Much of the D.O.C.a.’s focus is on educating the market about Rioja’s Reserva and Gran Reserva wines, which already account for about 60% of the category’s U.S. volume. “We’re able to compete very effectively in the $20-$50 range,” Lapuente says. “These wines are unique because they’re ready to drink but can also be kept in the cellar, and because they’re affordable.”
Currently, Rioja exports only about 37% of its total 31-million-case volume, but the industry is aiming to balance its domestic/export sales ratio to 50-50 by 2020.
One standout Rioja producer that’s been drawing global attention to the category is Compañia Vinicola del Norte de España (CVNE), whose Rioja Imperial Gran Reserva 2004 was named Wine Spectator’s Wine of the Yearfor 2013.
CVNE produces about 200,000 bottles each of its top cuvées Imperial and Contino and several hundred thousand cases of its lower-priced Cune and Viña Real labels, with prices ranging from about $15 for Cune Crianza up to $100 for Contino’s single-parcel offerings.
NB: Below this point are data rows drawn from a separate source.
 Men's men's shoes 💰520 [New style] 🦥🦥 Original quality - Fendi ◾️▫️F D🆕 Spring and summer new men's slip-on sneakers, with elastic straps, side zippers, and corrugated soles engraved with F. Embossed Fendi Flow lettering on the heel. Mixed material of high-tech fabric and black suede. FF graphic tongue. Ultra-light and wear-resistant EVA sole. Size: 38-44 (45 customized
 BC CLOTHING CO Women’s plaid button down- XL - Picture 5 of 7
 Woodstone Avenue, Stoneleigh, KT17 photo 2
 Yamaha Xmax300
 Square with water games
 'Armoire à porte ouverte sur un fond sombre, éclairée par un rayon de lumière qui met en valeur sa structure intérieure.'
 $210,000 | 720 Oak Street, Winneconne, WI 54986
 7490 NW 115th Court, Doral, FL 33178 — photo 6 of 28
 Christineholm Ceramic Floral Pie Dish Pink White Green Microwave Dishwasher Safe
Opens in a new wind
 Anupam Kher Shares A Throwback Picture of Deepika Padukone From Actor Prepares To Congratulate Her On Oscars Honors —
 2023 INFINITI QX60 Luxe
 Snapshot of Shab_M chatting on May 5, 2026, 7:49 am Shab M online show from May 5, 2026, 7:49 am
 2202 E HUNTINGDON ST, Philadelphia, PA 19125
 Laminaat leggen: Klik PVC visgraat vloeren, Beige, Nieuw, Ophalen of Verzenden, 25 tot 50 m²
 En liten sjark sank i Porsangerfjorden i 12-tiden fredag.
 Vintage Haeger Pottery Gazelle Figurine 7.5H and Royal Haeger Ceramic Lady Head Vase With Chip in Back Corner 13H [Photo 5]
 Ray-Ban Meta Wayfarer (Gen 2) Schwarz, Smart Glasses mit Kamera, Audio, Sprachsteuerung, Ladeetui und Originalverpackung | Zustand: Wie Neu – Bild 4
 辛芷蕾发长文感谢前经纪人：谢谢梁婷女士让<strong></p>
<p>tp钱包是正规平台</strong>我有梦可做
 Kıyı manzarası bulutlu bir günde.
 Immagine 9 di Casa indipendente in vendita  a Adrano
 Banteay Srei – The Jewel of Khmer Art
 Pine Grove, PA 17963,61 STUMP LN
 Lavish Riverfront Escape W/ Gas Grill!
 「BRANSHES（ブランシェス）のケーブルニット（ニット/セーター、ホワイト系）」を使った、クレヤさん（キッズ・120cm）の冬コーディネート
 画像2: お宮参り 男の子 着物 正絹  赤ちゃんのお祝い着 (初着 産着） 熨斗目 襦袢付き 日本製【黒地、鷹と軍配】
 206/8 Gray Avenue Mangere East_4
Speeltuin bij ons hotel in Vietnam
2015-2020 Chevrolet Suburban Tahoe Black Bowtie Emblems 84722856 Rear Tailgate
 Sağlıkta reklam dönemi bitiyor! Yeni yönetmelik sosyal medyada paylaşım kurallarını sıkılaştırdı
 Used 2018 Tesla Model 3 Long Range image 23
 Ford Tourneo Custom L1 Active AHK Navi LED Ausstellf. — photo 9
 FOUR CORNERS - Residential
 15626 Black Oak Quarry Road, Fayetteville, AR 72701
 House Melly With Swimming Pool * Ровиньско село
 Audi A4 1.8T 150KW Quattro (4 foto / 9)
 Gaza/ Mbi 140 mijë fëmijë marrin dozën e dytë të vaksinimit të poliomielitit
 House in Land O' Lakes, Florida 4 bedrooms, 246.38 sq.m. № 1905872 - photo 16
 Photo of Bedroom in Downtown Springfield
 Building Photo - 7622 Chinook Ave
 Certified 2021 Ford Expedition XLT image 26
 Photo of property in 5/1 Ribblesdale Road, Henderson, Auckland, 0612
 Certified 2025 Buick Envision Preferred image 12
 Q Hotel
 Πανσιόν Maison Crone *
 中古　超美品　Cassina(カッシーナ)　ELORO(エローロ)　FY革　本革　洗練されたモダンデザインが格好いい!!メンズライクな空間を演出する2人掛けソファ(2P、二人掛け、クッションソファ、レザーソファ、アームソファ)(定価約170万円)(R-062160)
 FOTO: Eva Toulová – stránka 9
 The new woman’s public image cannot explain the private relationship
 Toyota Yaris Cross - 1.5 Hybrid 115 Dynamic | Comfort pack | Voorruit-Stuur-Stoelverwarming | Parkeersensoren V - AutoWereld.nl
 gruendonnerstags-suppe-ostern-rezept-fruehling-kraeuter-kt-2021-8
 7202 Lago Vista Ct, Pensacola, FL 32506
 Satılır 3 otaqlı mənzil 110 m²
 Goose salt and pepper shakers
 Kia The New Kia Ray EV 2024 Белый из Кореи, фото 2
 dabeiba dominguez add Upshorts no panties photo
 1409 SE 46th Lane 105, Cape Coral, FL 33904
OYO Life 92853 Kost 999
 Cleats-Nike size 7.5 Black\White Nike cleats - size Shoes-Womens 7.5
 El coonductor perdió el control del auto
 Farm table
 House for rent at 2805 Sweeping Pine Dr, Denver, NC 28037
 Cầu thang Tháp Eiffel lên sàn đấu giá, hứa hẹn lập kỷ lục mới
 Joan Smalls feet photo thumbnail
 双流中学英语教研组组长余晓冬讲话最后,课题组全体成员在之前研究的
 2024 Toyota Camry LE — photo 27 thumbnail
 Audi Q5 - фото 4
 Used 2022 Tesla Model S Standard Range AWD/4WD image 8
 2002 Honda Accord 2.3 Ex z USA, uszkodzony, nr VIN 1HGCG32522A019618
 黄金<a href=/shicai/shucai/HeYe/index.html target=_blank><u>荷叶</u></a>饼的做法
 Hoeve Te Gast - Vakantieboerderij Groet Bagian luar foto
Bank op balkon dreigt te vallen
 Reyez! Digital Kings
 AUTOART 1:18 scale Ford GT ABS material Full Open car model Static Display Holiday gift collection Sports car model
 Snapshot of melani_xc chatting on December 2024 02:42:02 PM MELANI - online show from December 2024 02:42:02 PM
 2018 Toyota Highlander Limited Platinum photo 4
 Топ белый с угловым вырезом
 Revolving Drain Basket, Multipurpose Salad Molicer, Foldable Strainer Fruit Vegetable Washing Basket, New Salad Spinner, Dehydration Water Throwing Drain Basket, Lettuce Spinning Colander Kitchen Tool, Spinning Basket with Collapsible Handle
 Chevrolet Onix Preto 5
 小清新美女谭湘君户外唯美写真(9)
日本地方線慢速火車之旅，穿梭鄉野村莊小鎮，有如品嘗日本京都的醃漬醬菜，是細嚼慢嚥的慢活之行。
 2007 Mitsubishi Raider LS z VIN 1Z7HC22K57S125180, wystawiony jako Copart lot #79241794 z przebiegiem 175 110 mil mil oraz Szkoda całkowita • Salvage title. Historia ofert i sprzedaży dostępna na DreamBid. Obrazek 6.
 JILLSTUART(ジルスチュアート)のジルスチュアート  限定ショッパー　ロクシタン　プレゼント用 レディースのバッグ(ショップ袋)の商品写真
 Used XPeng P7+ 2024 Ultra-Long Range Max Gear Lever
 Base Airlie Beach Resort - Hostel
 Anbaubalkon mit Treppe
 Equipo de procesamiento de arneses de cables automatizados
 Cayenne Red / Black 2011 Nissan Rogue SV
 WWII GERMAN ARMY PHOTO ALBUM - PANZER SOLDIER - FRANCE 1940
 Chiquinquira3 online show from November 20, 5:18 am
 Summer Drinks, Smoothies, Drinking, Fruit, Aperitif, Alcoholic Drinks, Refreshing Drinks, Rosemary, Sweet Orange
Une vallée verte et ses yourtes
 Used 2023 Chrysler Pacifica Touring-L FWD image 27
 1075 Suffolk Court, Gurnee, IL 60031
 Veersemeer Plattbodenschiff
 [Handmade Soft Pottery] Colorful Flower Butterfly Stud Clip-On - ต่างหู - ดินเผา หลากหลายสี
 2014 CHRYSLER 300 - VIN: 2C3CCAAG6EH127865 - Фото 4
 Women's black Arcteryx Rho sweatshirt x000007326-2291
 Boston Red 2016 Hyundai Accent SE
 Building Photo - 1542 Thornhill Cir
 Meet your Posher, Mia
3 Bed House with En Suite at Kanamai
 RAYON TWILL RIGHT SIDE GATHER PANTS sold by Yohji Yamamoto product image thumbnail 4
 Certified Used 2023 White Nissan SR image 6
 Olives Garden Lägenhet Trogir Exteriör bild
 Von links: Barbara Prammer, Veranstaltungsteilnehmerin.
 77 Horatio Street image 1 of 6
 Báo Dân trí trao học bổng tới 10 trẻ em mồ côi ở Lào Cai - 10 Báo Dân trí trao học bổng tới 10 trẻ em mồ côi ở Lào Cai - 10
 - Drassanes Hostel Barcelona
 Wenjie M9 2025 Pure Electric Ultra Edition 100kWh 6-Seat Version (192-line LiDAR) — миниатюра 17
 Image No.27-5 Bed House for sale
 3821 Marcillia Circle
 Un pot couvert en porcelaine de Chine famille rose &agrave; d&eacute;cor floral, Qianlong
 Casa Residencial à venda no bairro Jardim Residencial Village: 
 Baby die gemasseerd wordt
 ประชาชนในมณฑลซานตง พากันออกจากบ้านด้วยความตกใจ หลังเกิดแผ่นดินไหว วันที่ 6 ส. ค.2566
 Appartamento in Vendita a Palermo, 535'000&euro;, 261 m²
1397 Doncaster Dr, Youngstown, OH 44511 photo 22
About 25% of the company’s production is exported. “Our wines have been very much ‘insider’s’ wines,” says CVNE CEO Victor Urrutia. “I’d like them to go beyond that, to be widely accessible.”
Enhanced distribution going forward will be vital to furthering that vision. Where CVNE can’t find the right partners, Urrutia says, it will look to acquire existing players or create distribution units of its own. The company, which has a market capitalization of around $350 million, recently made such a move in Japan, where it purchased fine wine distributor Mikuni earlier this year. CVNE also already has its own distribution operation in Spain and, as it looks to exert control of its destiny in export markets, Urrutia sees opportunities to distribute agency labels as well as the company’s own brands. In the U.S., CVNE’s wines are imported by Europvin.
“I see us as ambassadors for Spain,” Urrutia says of CVNE’s role in the category. While noting the opportunity for Spanish wines to continue rising in the global market, he adds that the segment faces certain challenges as well, including the danger that Spain’s reputation for value at the lower end of the market could ultimately impede its luxury-tier progress down the road. “The threat is the large Spanish producers who make huge amounts of wine and sell it at super-low prices that we can’t even contemplate,” he says. “In the end, I think that hurts the Spanish category.”